Work task
Using the data below, output a verbatim copy of the lines between the one holding "Carissa – Collar Dorado Flor con Piedra" and the one holding "Apartment in Rotthalmunster With Garden", inclusive, without any pictures.

Supplied data

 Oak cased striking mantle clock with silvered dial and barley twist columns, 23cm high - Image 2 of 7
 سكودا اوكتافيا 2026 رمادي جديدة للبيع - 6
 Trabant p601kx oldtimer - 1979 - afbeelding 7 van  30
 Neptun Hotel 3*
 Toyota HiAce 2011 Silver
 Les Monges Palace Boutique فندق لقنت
---
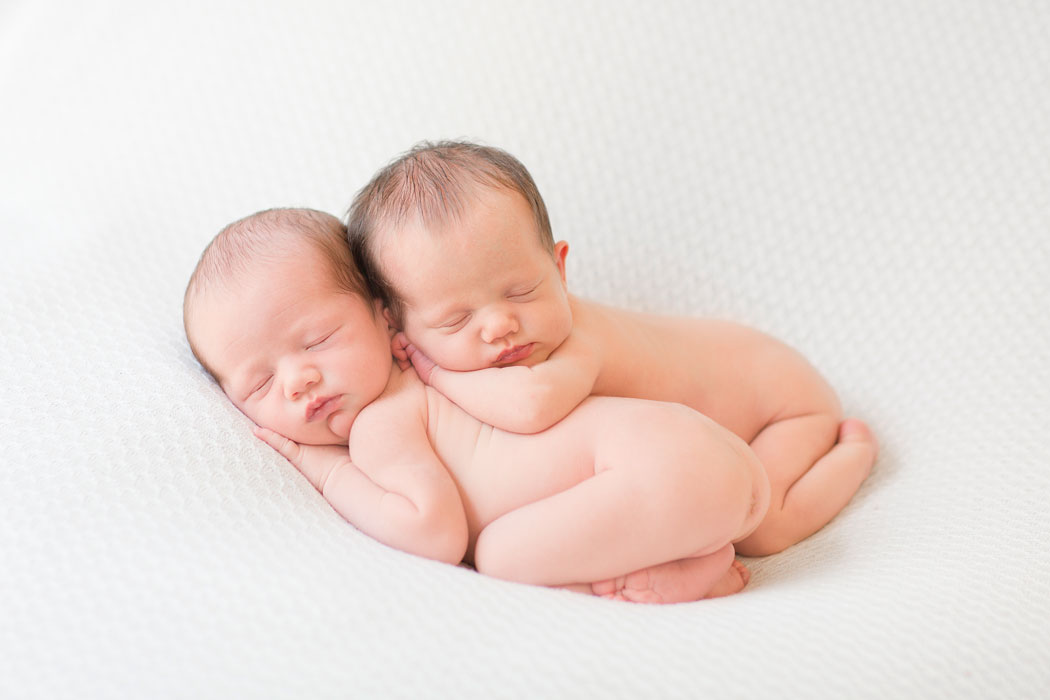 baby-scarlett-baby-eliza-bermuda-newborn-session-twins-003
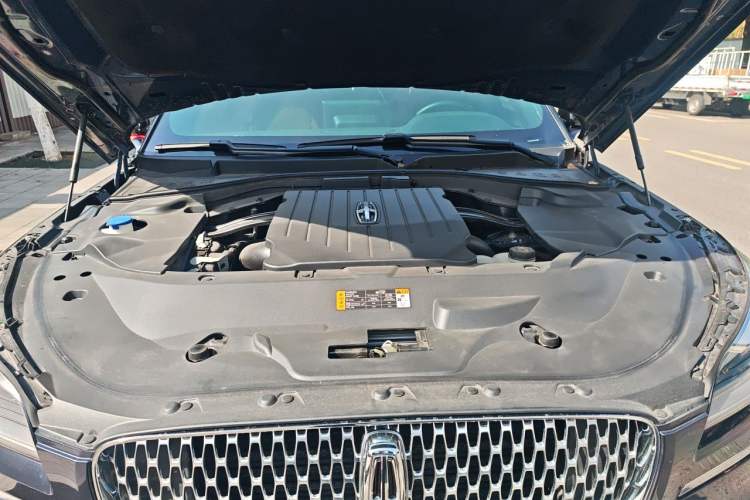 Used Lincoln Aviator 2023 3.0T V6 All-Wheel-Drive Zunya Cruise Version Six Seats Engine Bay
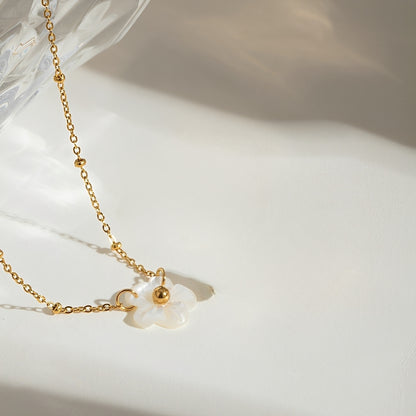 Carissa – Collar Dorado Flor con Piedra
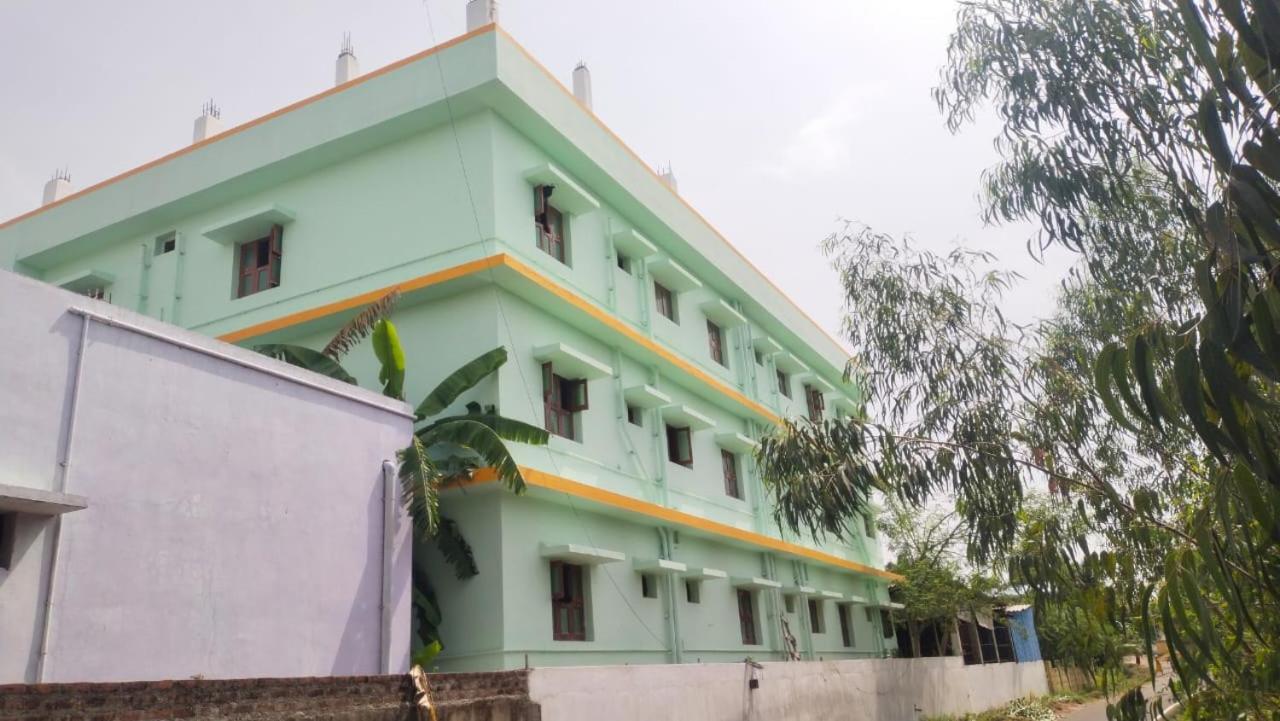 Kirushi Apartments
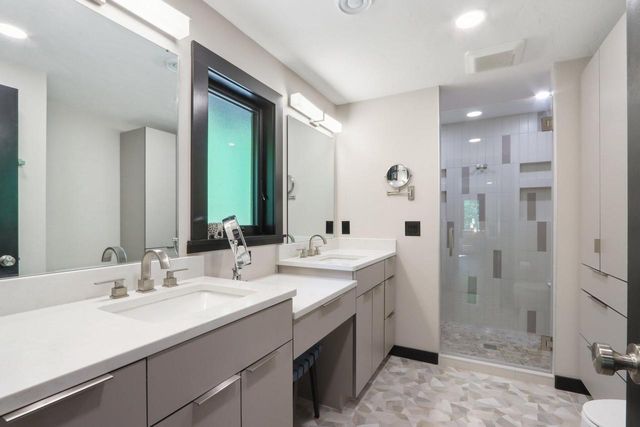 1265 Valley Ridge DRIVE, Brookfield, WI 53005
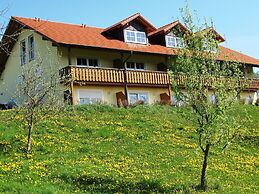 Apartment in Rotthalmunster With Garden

Final answer
 Carissa – Collar Dorado Flor con Piedra
 Kirushi Apartments
 1265 Valley Ridge DRIVE, Brookfield, WI 53005
 Apartment in Rotthalmunster With Garden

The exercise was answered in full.